Wednesday, January 31, 2007

The Netflix Prize and big data

David Leonhardt at the NYT writes about the Netflix Prize in his article today "You Want Innovation? Offer a Prize".

Some excerpts:
When Netflix announced its prize in October, [CEO Reed] Hastings said he didn't necessarily expect contestants to make a lot of quick progress.

Computer scientists say that Cinematch, along with Amazon's recommendation system, was already one of the most sophisticated. "We thought we built the best darn thing ever," Mr. Hastings said.

But Mr. Hastings underestimated the power of an open competition. Within days, many of the top people in a field known as machine learning were downloading the 100 million movie ratings Netflix had made public.

The experts have since been locked in a Darwinian competition to build a better Cinematch, with the latest results posted on a leader board at Netflix's Web site.

With four and a half years to go in the contest, [the lead team] is already 6.75 percent better than Cinematch. And Netflix hasn't had to pay for their time.

In effect, the company "has recruited a large fraction of the machine learning community for almost no money," as [Geoffrey] Hinton, [a University of] Toronto [Computer Science] professor, put it.
While the prize money adds excitement, I think most of the enthusiasm from the research community is simply from having access to such a massive data set.

Until Netflix released their movie ratings data for this contest, the largest data sets available for experimenting with and evaluating recommender systems were the Movie Lens and EachMovie data sets. Those data sets are two orders of magnitude smaller.
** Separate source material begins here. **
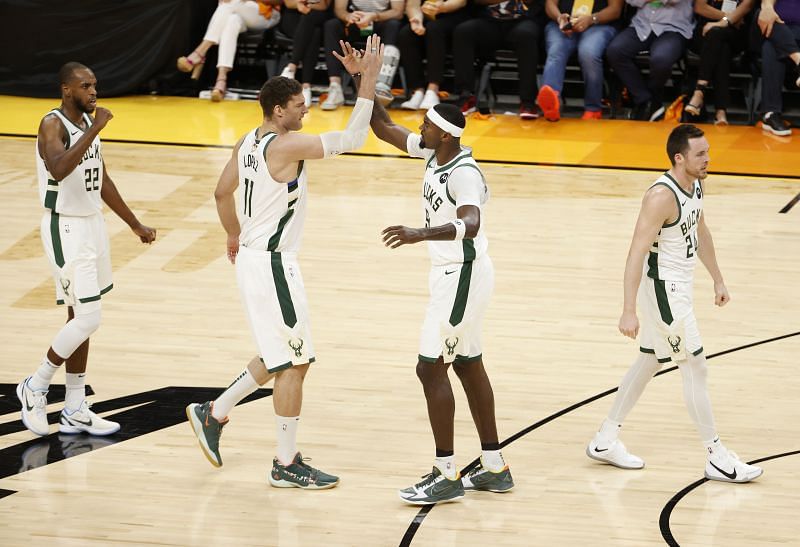 Brook Lopez #11 and Bobby Portis #9 of the Milwaukee Bucks celebrate against the Phoenix Suns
Netflix made 100M ratings by 480k customers over 30k titles available to researchers. A data set of that size simply was not available until now.

This opens up new opportunities for research on recommender algorithms. Not only are there considerable challenges in scaling recommender algorithms to big data, but also, as Googler Peter Norvig points out, we may have more to learn from improving our ability to work with massive training data than we do from twiddling algorithms running over small data.

Yes, the money and visibility of the Netflix Prize is a motivator, I am sure. But, there is also excitement from getting access to big data that previously only was available inside companies like Amazon, Netflix, Yahoo, or Google.

See also my original post on the Netflix contest, "Netflix offers $1M prize for improved recs".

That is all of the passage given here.